A 18 de Abril de 2008 falecia Edward Lorenz, pai da Teoria do Caos. Eu, verde na profissão de noticiar, escrevia no jornal digital JPN, "Lorenz partiu da premissa de que pequenos eventos podem causar mudanças caóticas a médio ou longo prazo e na década de 60 (...) desenvolveu um estudo intitulado 'Previsibilidade: O bater de asas de uma borboleta no Brasil desencadeia um tornado no Texas?'". Tinha sido a primeira ocasião em que os conceitos que me apresentavam as pessoas que entrevistei, por serem matemáticos e eu uma mera escritora, ultrapassavam a minha compreensão e tinham causado, por ironia, um verdadeiro caos mental.
Até que me foquei no conceito apresentado por um dos entrevistados. O caos determinístico. A ideia de que pode haver na desordem um conjunto de aspectos não aleatórios. Um padrão que faz sentido. Um sistema com explicação e resolução. As crises mundiais, as de fome, as de guerra, as financeiras, todas elas são caos determinístico. Todas elas são causa e consequência e todas as que têm impacto hoje em dia foram causadas por nós. Somos nós a borboleta que bate as asas num sítio e causa um tufão a quilómetros de distância.
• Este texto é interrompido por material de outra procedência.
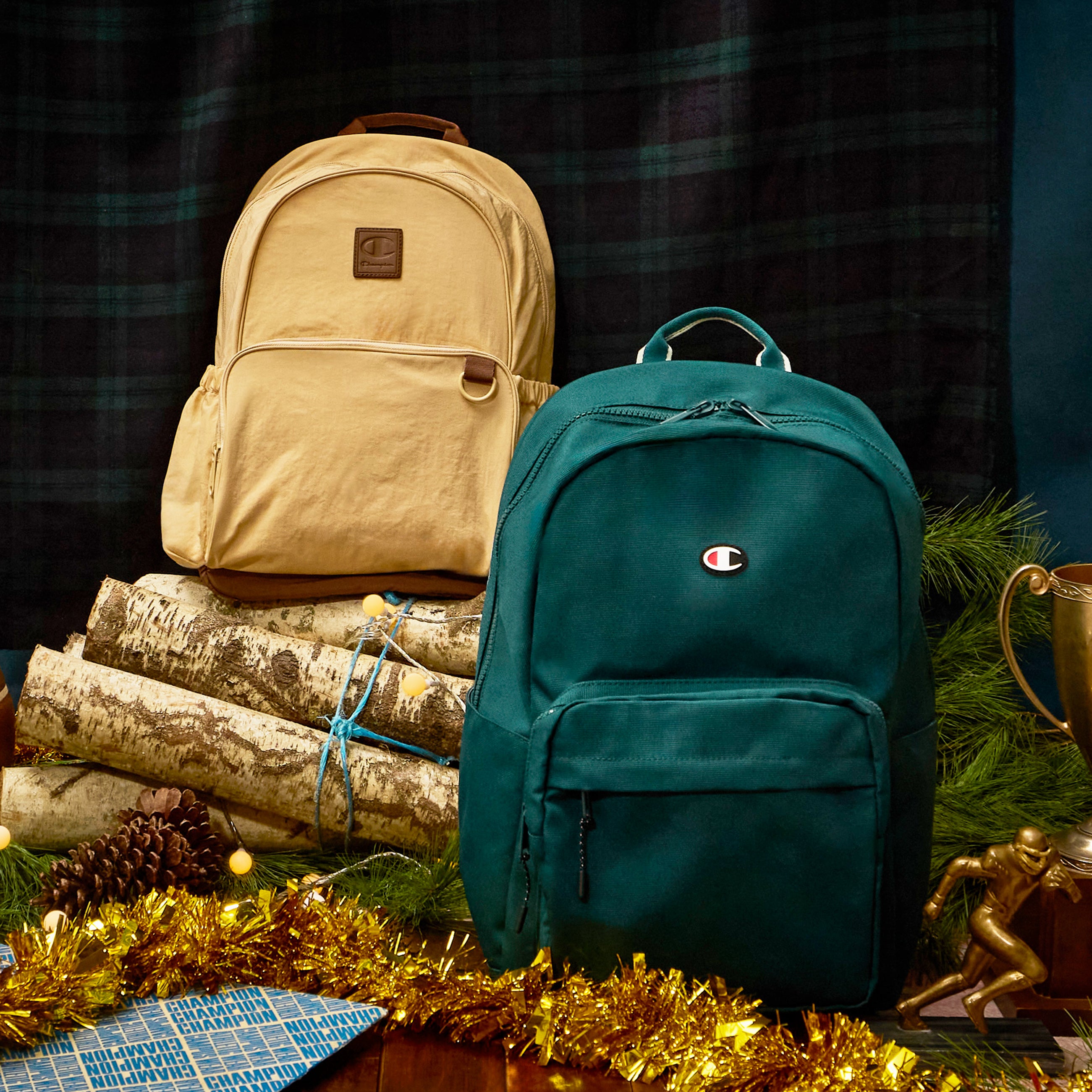 Two backpacks, one beige and one teal, on a decorative background with logs and Christmas decorations.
As alterações climáticas geram conflitos. Nós agravamos as alterações climáticas. Nós persistimos no uso de combustíveis fósseis que degeneram as alterações climáticas que geram conflitos. Nós escondemo-nos por detrás de ideologias que se alimentam do caos gerado por nós e nos separam uns dos outros. Nós deixamos que tudo isto aconteça e consequentemente deixámos que Sahar Dofdaa morresse. Aqui está a Teoria do Caos.
Com isto, resta-me apenas oferecer um pedido de desculpas pessoal a todas as Sahar Dofdaas deste mundo.